Senior officials with the Biden administration will visit 30 rural communities this month to tout billions of dollars in funding for rural broadband, water, jobs, roads, and more as part of a "rural infrastructure tour" launched Monday. That includes $14.6 billion in rural-specific programs in the $1.2 trillion infrastructure bill, which was bipartisan, along with billions more in regional and state funding that will be spent on roads, bridges and waterways in rural areas, Chuck Abbott reports for the Food & Environment Reporting Network.
President Biden is kicking off the tour today with a visit to an ethanol plant in Menlo, Iowa, where he will announce that E15 gasoline will be sold this summer to help drivers save at the pump, Chris Clayton reports for DTN/The Progressive Farmer.
Normally E15, which has 15 percent ethanol, can't be sold from June 1 to Sept. 15 because it generates more air pollution in hot weather. And the Supreme Court ruled in January that the Environmental Protection Agency doesn't have the authority to permanently greenlight E15 sales. But EPA is only issuing an emergency waiver here. A White House spokesperson said EPA "is considering other actions to further spur the use of E15 year-round, including continued talks with states that have already sent requests to EPA about year-round E15," Clayton reports.

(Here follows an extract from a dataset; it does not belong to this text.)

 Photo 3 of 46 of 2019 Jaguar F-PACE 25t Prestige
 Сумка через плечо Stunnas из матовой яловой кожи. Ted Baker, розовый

The administration published a Bipartisan Infrastructure Law Rural Playbook to help rural governments identify funding opportunities. "It provides information on the 'what, when, where, and how to apply' for funding under the law, according to the White House, and identifies more than 100 programs funded," Alex Gangitano reports for The Hill. "The playbook builds on the guidebook the administration released in January to help state and local governments access funding from the law."
The administration will announce $2 billion in new rural funding this month as part of the tour, White House infrastructure coordinator Mitch Landrieu said. That includes $1 billion for an America the Beautiful Challenge "to combine federal and private funding for locally-led land and water conservation work," Abbott reports. "The government committed $440 million over five years for grants administered by the National Fish and Wildlife Foundation." Interior Secretary Deb Haaland announced the funding in Colorado while touring a wildfire-control site.